WHAT TO DO: Produce exactly the lines from the one holding "Fazenda para Venda" through the last line of the data below, with every picture left out.
━━━ INPUT DATA ━━━
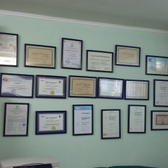 VKlinik, косметологическая клиника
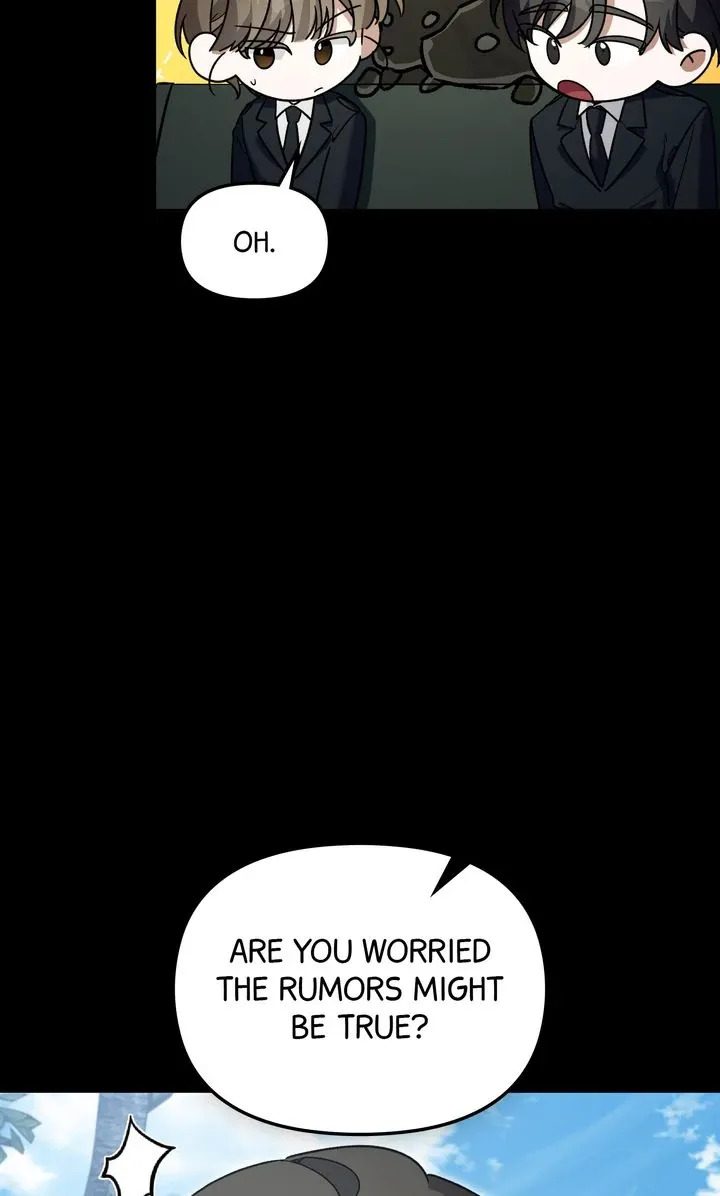 Team Zero Chapter 39 page 36 - 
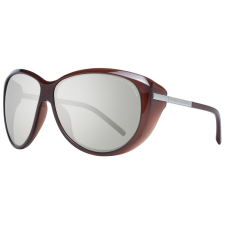 Porsche Design Női napszemüveg P8602-64B napszemüveg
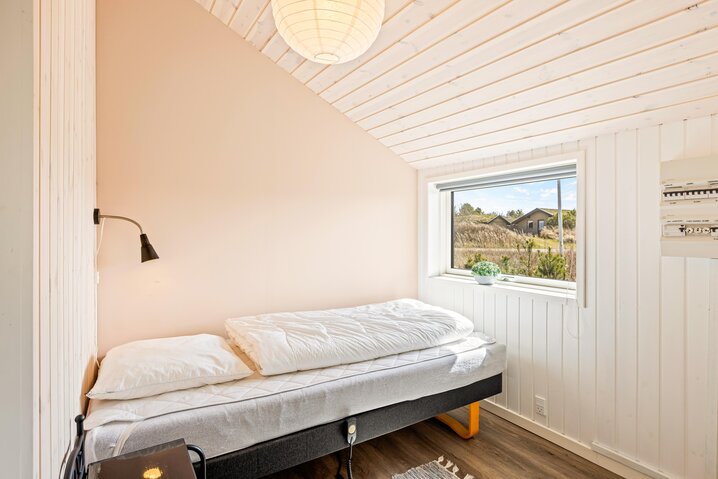 Sommerhus 81067 på Ringvejen 141, Bolilmark, Rømø - Billede #18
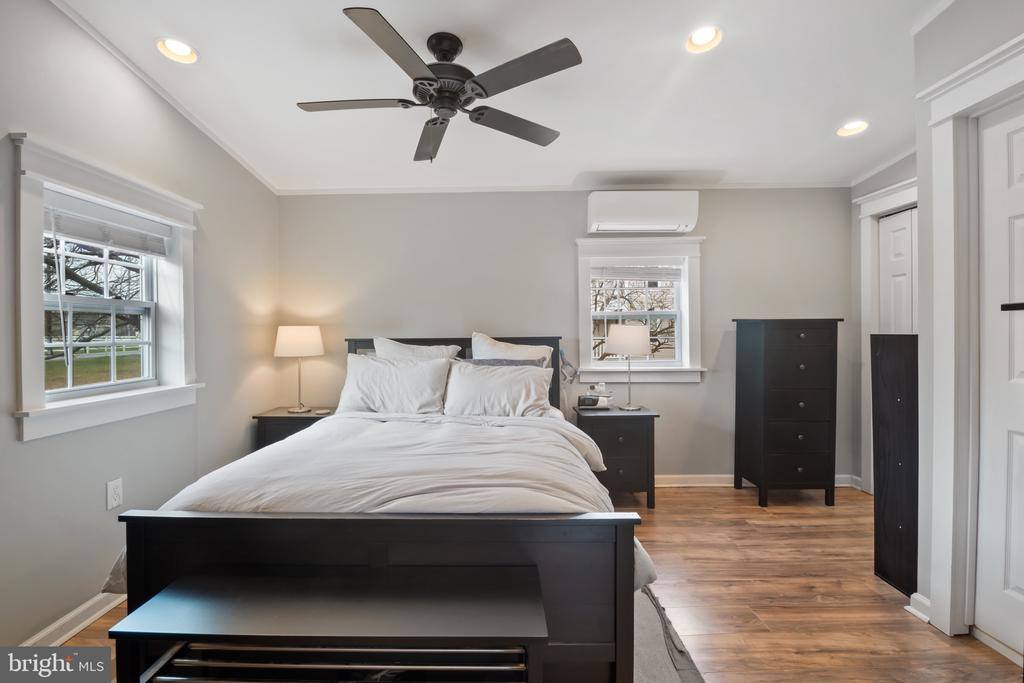 10520 Scaggsville Road, Laurel, MD 20723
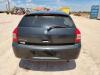 2008 Dodge Magnum Passenger Car - 4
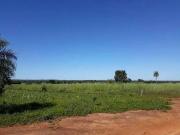 Fazenda para Venda em São Domingos/GO Zona Rural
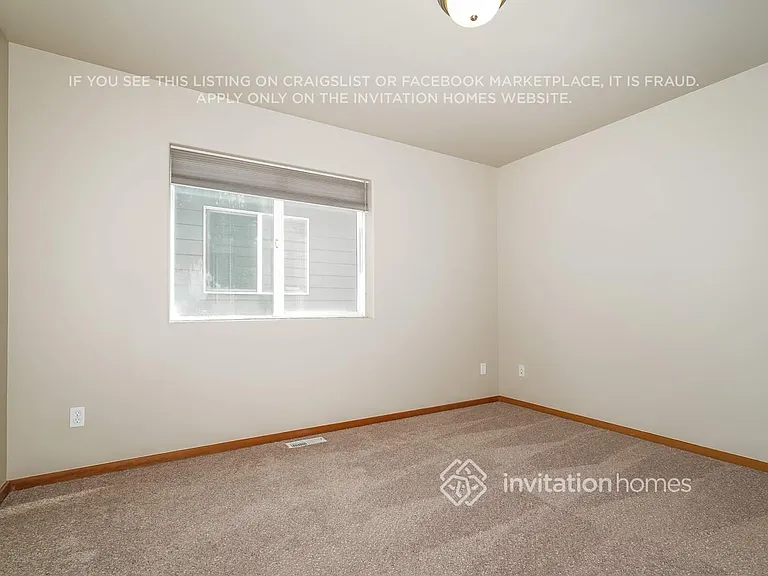 22304 68th Pl W — Photo 13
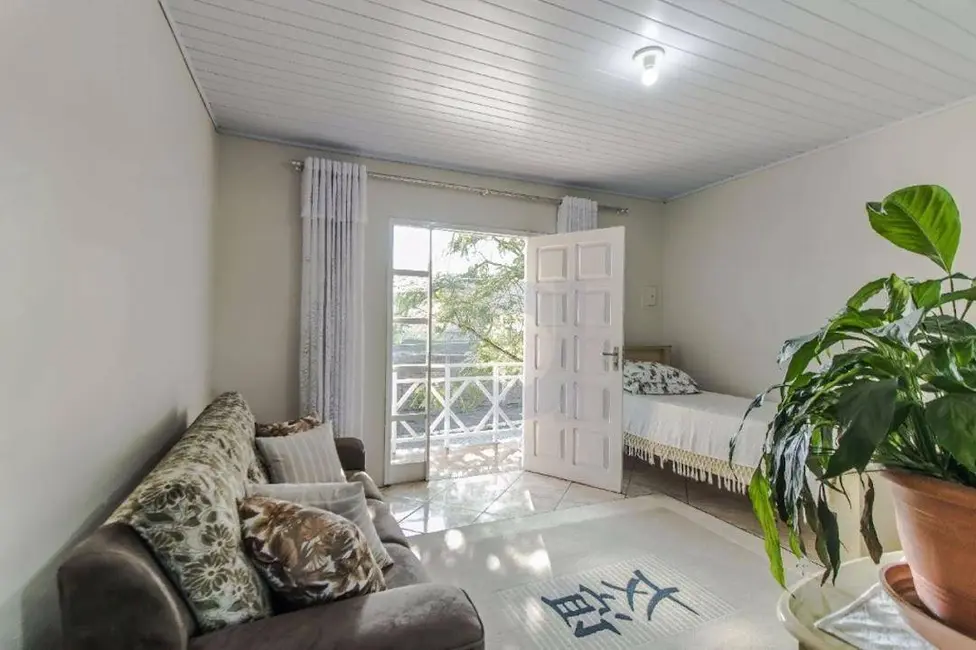 Foto 3 de Casa com 7 quartos à venda, 350m2 em Santa Teresa, Sao Leopoldo - RS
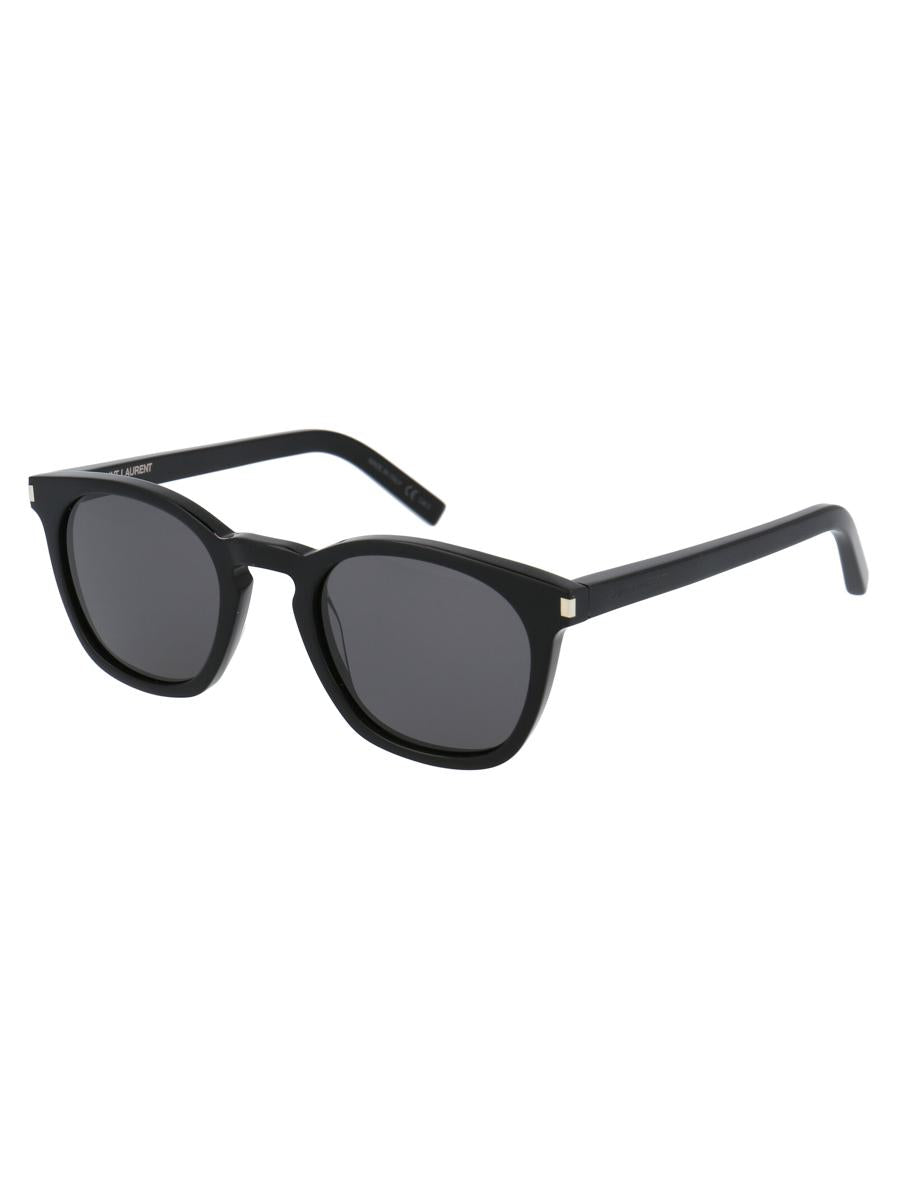 Saint Laurent Eyewear Sonnenbrillen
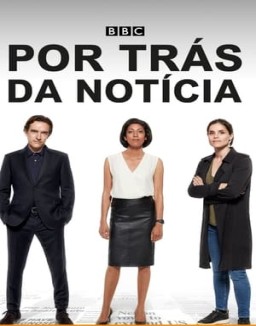 Press serie castellano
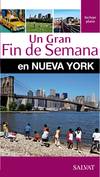 Nueva York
━━━
ANSWER FOR THE TASK:
 Fazenda para Venda em São Domingos/GO Zona Rural
 22304 68th Pl W — Photo 13
 Foto 3 de Casa com 7 quartos à venda, 350m2 em Santa Teresa, Sao Leopoldo - RS
 Saint Laurent Eyewear Sonnenbrillen
 Press serie castellano
 Nueva York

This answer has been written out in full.